CloudTrail = audit log of AWS API activity.
Logs who did what and when for security and compliance.
Integrates with S3 (for storage) and CloudWatch Logs (for alerts).
Always check CloudTrail when you need to identify who made a change in your AWS environment.

AWS X-Ray

Purpose

AWS X-Ray helps analyze and debug distributed applications in production or development.
Provides end-to-end tracing of requests as they travel through multiple AWS services.
Offers visual insights into application performance and dependencies.

Why X-Ray Is Needed

Without X-Ray:

Logs are spread across multiple services, hard to combine and analyze.
Debugging distributed architectures (like microservices using SQS, SNS, Lambda, etc.) becomes complex.
No single view of how requests move through the system.

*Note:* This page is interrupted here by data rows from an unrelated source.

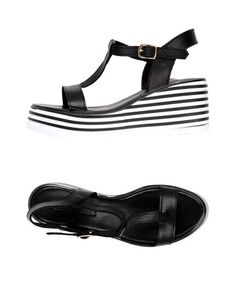 Сандалии Pierre DarrÉ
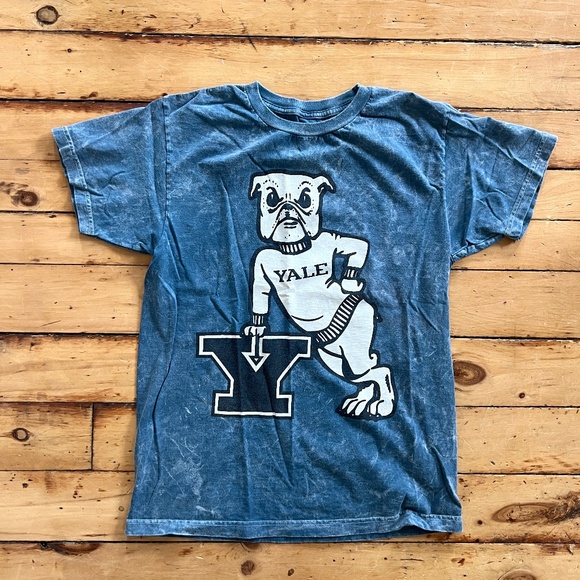 Yale University Other - Retro Yale University Blue Graphic Tee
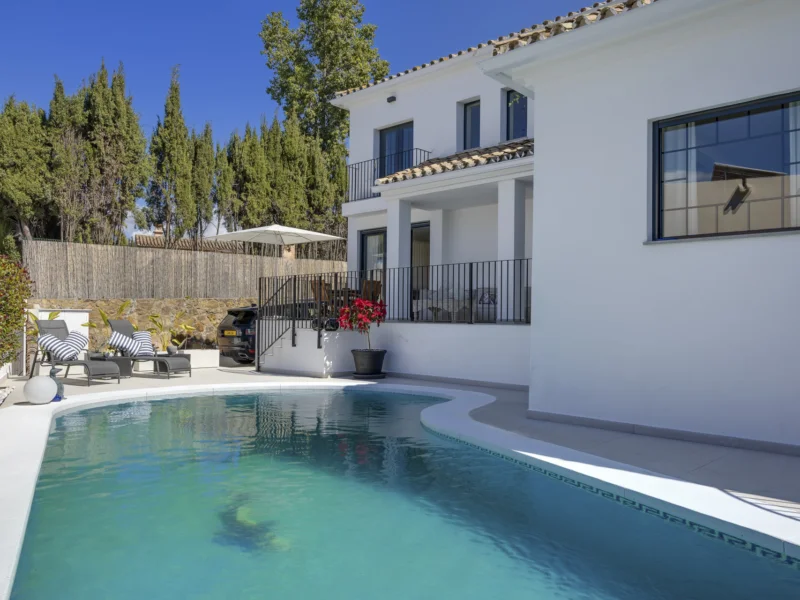 5 Bedroom Private Villa for Sale in Guadalmina Alta, San Pedro de Alcántara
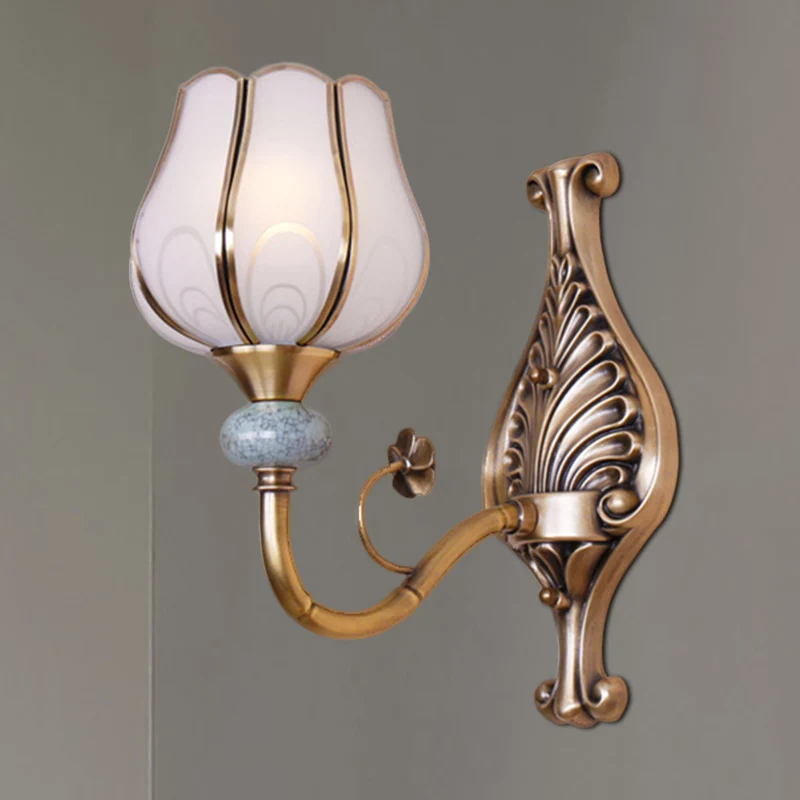 1/2-Head Bloom Wandlamp Traditionalisme Messing Metalen Wandkandelaar Verlichting voor Woonkamer Clearhalo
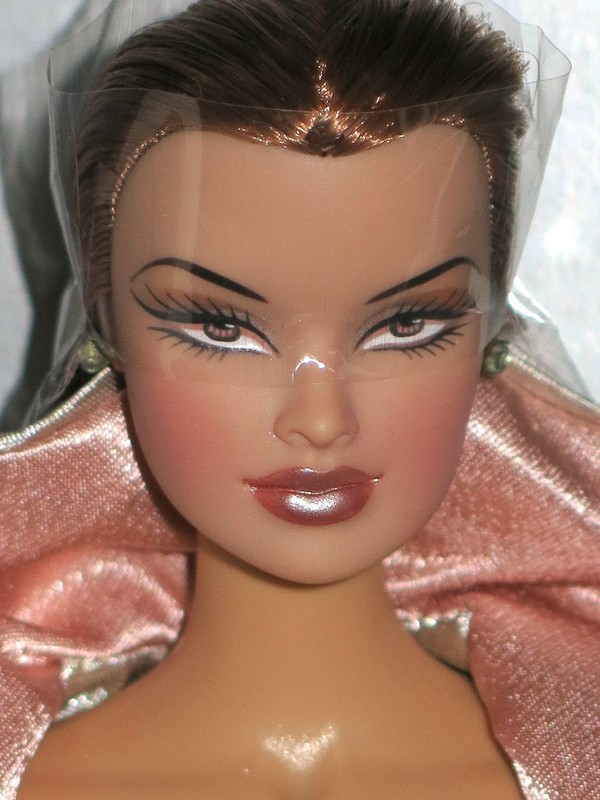Integrity - 2003 Evening Chill Redhead Veronique Perrin 12" FR Doll - NRFB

X-Ray solves this by giving a centralized trace of all service interactions.

Key Features

Feature	Description
Distributed Tracing	Tracks a request end-to-end across all AWS services.
Service Map / Graph	Visual representation of how components (services, APIs, functions) interact.
Performance Bottlenecks	Identifies which part of the system causes delays or throttling.
Error Analysis	Detects and visualizes errors and exceptions in requests.
Dependency Mapping	Shows relationships between microservices.
SLA Monitoring	Verifies if your app meets response-time targets.
User Impact	Identifies which users are affected by an issue.

Benefits

Visual debugging for microservice-based or distributed systems.
Quickly pinpoints issues (slow responses, timeouts, throttling).
Helps optimize performance and improve reliability.
Useful for both developers and DevOps teams.

Common Exam Use Cases

Scenario	AWS Service
Find who made an API call	CloudTrail
Monitor performance metrics	CloudWatch
Trace individual requests through multiple services	X-Ray

Summary

AWS X-Ray = request tracing, debugging, and visualization tool.
Used for distributed tracing across multiple AWS services.
Best for troubleshooting, performance analysis, and microservices visualization.
Integrated with EC2, Lambda, ECS, API Gateway, and more.
No hands-on for the CCP exam—just understand what it does.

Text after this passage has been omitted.